Con todos de vuelta en Buenos Aires, ensayábamos denodadamente en busca del repertorio que nos hiciera sentir lo suficientemente seguros como para salir a tocar. En realidad, a los chicos. Yo no me sentía seguro, yo era un creyente... más que creyente: un devoto de la causa. Para mí ya estábamos con lo que teníamos, lo importante era tomar por asalto los escenarios de la ciudad. Cuanto antes, mejor. Pero mis compañeros de banda eran gente prudente y, por el momento, había que seguir ensayando. Y buscar un nombre, por supuesto. A esa altura, después de 8 meses de ensayar juntos, era más que hora de tener un nombre. Claro, cualquiera que haya alguna vez tratado de bautizar, no les digo una banda, apenas un equipo de fútbol, sabe que la tarea es ardua. Cada uno tiene su concepto de lo que quiere decir con ese nombre, su idea de lo que es cool o artístico o whatever, el intento de sintetizar toda una visión estética o ideológica o lo que fuere, en una sola palabra. Una puta palabra. Entonces empiezan a aparecer las sugerencias, algunas de las cuales erizan la piel. Bien, en nuestro caso tienen que haber sido o demasiado terribles o demasiado buenas, porque no puedo recordar ninguna de ellas. O mi mente prefirió borrarlas, o bien eran tan decentes que ya no puedo recordarlas. Una pena. De todas maneras, no nos convencía ninguna. Le dábamos vueltas al tema ininterumpidamente. No queríamos que fuera en inglés, ni tampoco que fuera el nombre de una canción de ninguna de nuestras bandas favoritas. Pero apareció solito... y no se nos ocurrió a nosotros.

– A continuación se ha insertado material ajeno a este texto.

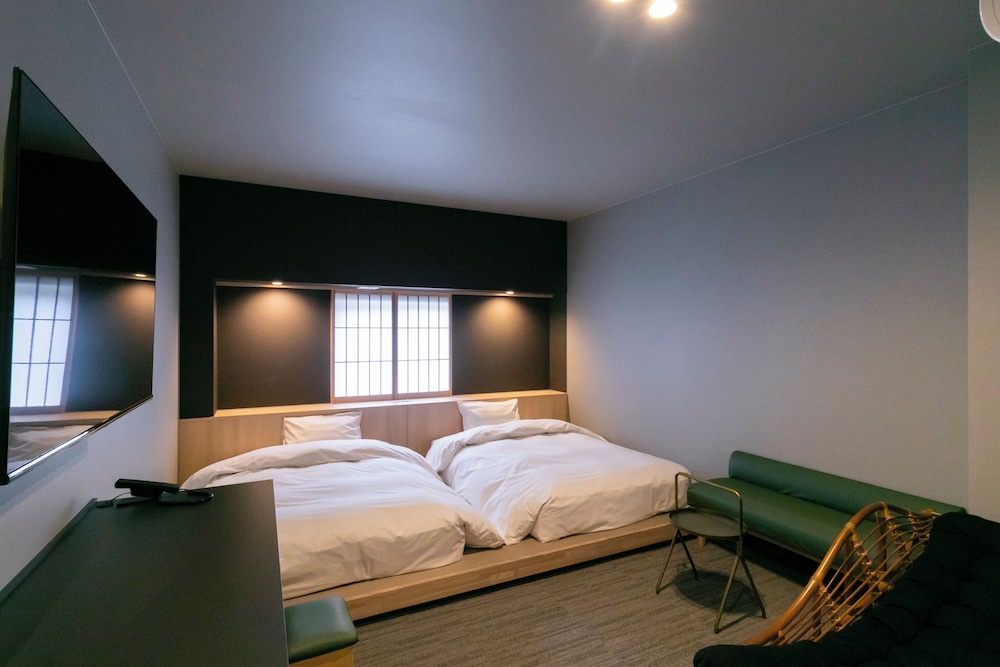 Modern Japanese-Western Room Standerd twin-Room photo 1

Una noche, nos dirigíamos al cumpleaños de una amiga en Castelar. Ibamos todos amuchados en el Fiat 147 que compartían el Negro y Luanda. Los susodichos, más Ale, Nacho y yo. El debate continuaba dentro del auto. Queríamos que fuera un nombre compuesto, como eran los de todas las bandas de Seattle, a excepción de Nirvana. Alice In Chains, Temple of the Dog, Mother Love Bone... me encantaba ese cantito, casi rítmico que tenían al pronunciarlos. Incluso, Pearl Jam, Screaming Trees o los mismos Soundgarden y Mudhoney -dos palabras unidas- eran nombres compuestos, largos. La idea se veía reforzada por los gustos de mis compañeros de banda quienes, al provenir del metal, preferían a las otras bandas sobre Nirvana. En fin, estábamos en eso, tirando nombres en medio de la, en aquel entonces, oscura General Paz, cuando Luanda, que no había abierto la boca hasta ese momento, dijo cuatro palabras mágicas: Lord of the Flies. Nos callamos al instante. "¿El libro de Golding?". "Claro", dijo Luanda, "Es un muy buen libro, y le da al nombre un peso intelectual". "Señor de las Moscas", castellanizamos casi a coro. No estaba mal. Compuesto, con cantito, amenzante e intelectual al mismo tiempo, sugería muchos temas, y todos ellos tenían rock. Empezamos a imaginar cómo quedaría en las tapas de los discos, en los afiches de las calles, en los posters. En nuestras mentes diseñamos tipografías, entonamos los cantitos de la gente cuando tocáramos en Obras (nótese que escribo "tocáramos en" y no "llegáramos a". Para nosotros, o para mí al menos, la serie de recitales en Obras era un hecho consumado) e imaginamos las respuestas durante las entrevistas radiales, en las que nos explayaríamos sobre los distintos niveles de significación del nombre dentro de nuestra visión artística. Todo cerraba, Señor de las Moscas era una realidad, una fuerza devastadora que, ahora que podía reconocerse a sí misma y por los demás, estaba lista para conquistar la Argentina y, por qué no, el mundo.